Comments update: readers have described OMA's new arts centre in Milan, which is partially clad in 24-karat gold leaf, as "sublime" and "ridiculous" this week – read on for more on this and the other most commented stories on Dezeen.
Bling-bling: Rem Koolhaas' firm converted a century-old distillery into an arts centre for Fondazione Prada, adding two new buildings.
Kap was among the fans of the project, calling it "modestly beautiful with a clear reference to both the site's past and its future."
But it was Koolhaas' description of gold as "a cheap cladding material", that caught the attention of most commenters.
"It may be when you have Prada as a client," wrote Ivan Capitani. "This is not a refurbished building in Milan, this is Goldfinger's mansion, good only for the third film in the James Bond series."
James agreed: "It's a humble structure dressed up to go to a fancy dance."
"Perhaps using gold as cladding was a sensible choice, but I can't help thinking it was a stipulation from the client who was uncomfortable at not having something 'bling' about it." Read the comments on this story »
A league of their own: this week the Massachusetts Institute of Technology was named the world's best university for architecture in an annual worldwide ranking.

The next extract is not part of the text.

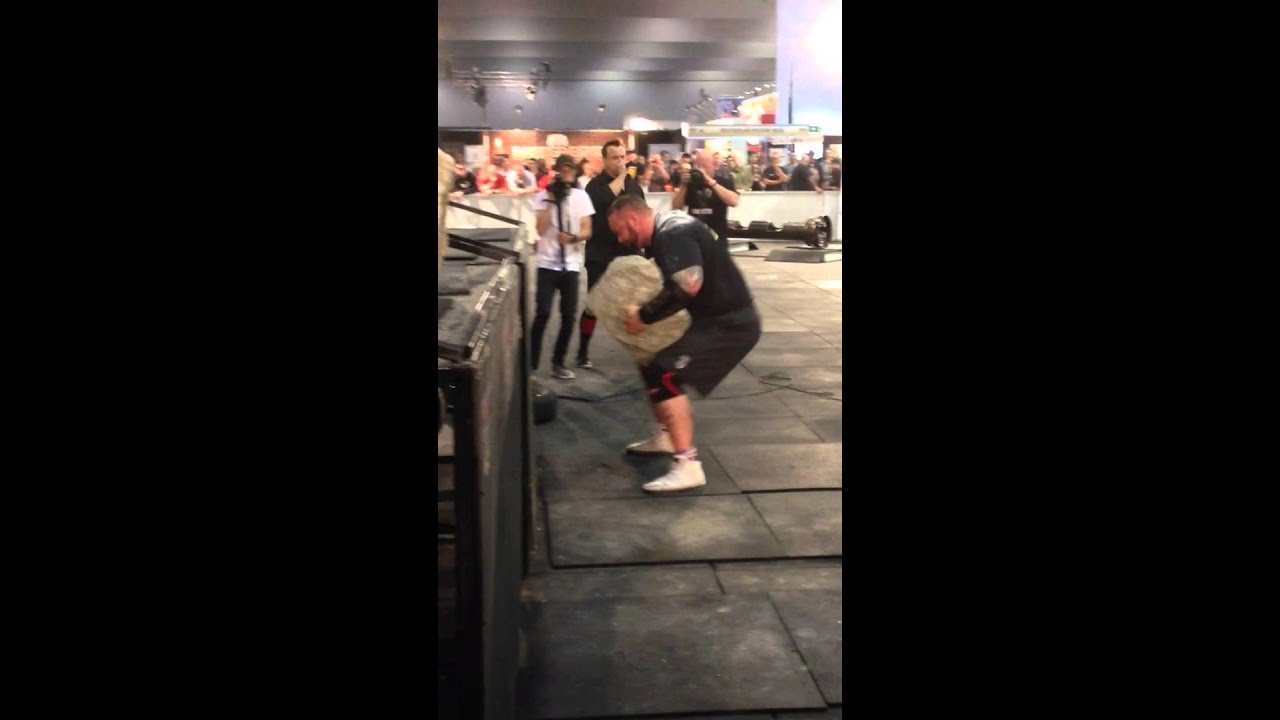 Hafthor Bjornsson Natural Stone Loading Arnold Classic Australia 2016 Strongman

The Royal College of Art was also named the world's top design school, but readers are suggesting that the scoring system is a waste of time.
"I wonder how anyone could rate and compare the actual quality of education without spending enough time in each of the schools," argued one commenter.

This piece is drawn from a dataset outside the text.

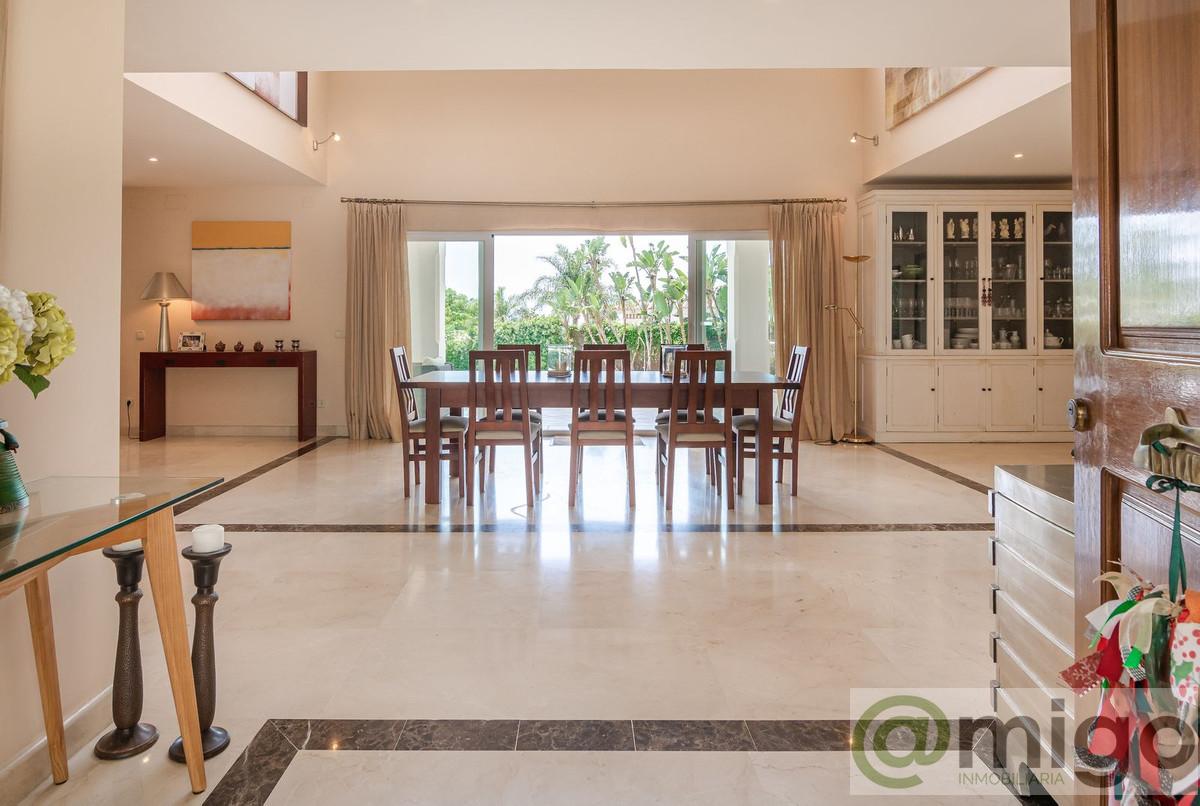 For sale of villa in Marbella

Some went further to discredit the findings: "This is a joke. Hong Kong Polytechnic University (ranked 12th) doesn't even have an architecture programme."
BIG deal: BIG is reportedly in talks to redesign the final tower at the World Trade Center site in New York, potentially ousting Foster + Partners from the project.

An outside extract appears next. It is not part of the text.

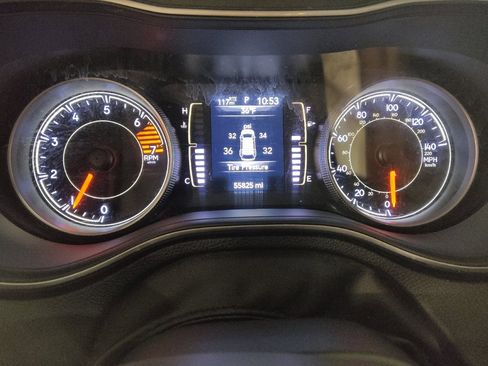 Used 2020 Jeep Cherokee Latitude w/ Cold Weather Group image 23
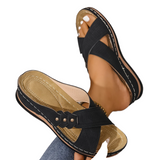 Pascalle | Mukavat sandaalit kiilakorolla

"I just think the Norman Foster proposal was the best looking of the 'lesser towers'," said Brennan Murray. "But if they do replace Norman, I look forward to seeing what they would do with the site."
Others were upset at the thought of BIG working on the sensitive project.
"They'll still propose a design that sticks out like a sore thumb and twist some fake 'context' into it," argued James M.
Clickbait? Japanese studio Nendo reinterpreted the simple wooden door, but despite appreciating the "beautiful craftsmanship" commenters weren't convinced by the designs.
"I'm all for the reimagining of the door," said SteveLeo."But I'm not sure if any of these really work at a practical level."